La doctrine de la nature en Dieu tâche de soutenir par le naturalisme ce théisme qui adore l'Être suprême sous forme d'un Être personnel.

Le théisme personnel se représente Dieu comme un être abstraitement personnel séparé de toute matière, la simple unité de essence et existence, réalité et idée, volonté et action : Deus suum esse est ; le théisme dans cette forme est, comme toute autre phase de la religion en général, en rapport direct avec la manière d'être de l'homme, avec sa politique, avec sa science, avec son caractère. Or toute abstraction exprime un jugement, affirmatif et négatif à la fois, il implique à la fois un reproche et une louange, car ce que l'homme rejette, c'est le contraire de son Dieu, et ce qu'il loue, c'est son Dieu : « Ce qu'un homme adore (colit) plus que toute autre chose, cela est Dieu pour cet homme, » dit Origène (Explan. in epist, Pauli ad Rom. 1). Ainsi la religion est un jugement, une critique, et le culte est en effet un acte perpétuel de discernement (Krisis) entre ce qui est bon et mauvais.
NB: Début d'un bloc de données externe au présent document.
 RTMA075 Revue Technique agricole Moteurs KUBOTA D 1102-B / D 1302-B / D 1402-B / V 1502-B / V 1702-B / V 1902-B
Dans la religion l'homme franchit les étroites barrières de son existence ordinaire, il s'y émancipe de tout ce qui le gène et aigrit : elle est son dimanche, pour ainsi dire; ce Dieu est la subjectivité de l'homme, la plus abstraite de toutes les abstractions, le vrai nec plus ultra : « Là où la nature finit, Dieu commence, » Id, quo majus nihil potest cogitari, Deus est. Ce Dieu est le dernier résultat d'une longue et pénible série de raisonnemments, c'est l'oméga. Mais cet oméga devient aussitôt l'alpha, le Dieu-résultat devient le Dieu-commencement du raisonnement, et par un procédé syllogistique qui s'opère dans l'homme religieux à son insu, Dieu est placé subitement en arrière, à l'origine de l'univers, Voilà la Création du Monde.

Reprenons. Ceux qui veulent déduire de la Nature impersonnelle la personnalité de Dieu, font une confusion très illogique entre religion et philosophie, et ils ne savent pas mème ce que signifie la Personnalité de Dieu dont ils viennent de parler. Ils mêlent ensemble la Personnalité et l’Impersonnalité.

Dieu comme Esprit pur, Substance pure, ne convient qu’à un homme abstrait, à celui qui se trouve heureux et tranquille dans l’intuition des choses objectives, dans les études astronomiques, dans les recherches de ce que Hegel appelle la raison qui est dans les objets. De là l’aversion de Jacobi pour le Dieu-substance de Spinoza. Voulez-vous, personnalistes, construire logiquement l’idée de la Personnalité, alors vous ferez bien de la réduire à celle de l’homme naturel et concret, rayez hardiment la personnalité de celle-ci, n’y mêlez jamais la nature impersonnelle. Et en effet, pourquoi voulez-vous expliquer la Nature ? Vous avez posé la Personnalité comme vérité absolue, et à côté d’elle l’Impersonnalité ne signifie plus rien ; Dieu est ici UN, et la Nature n’est que ZÉRO.

  1. Dans le Talmud on trouve même cette autre question : « Jehovah est-il du sexe masculin ou du sexe féminin ? » (Le traducteur.)
  2. En allemand : Kernhafter Auszug. etc.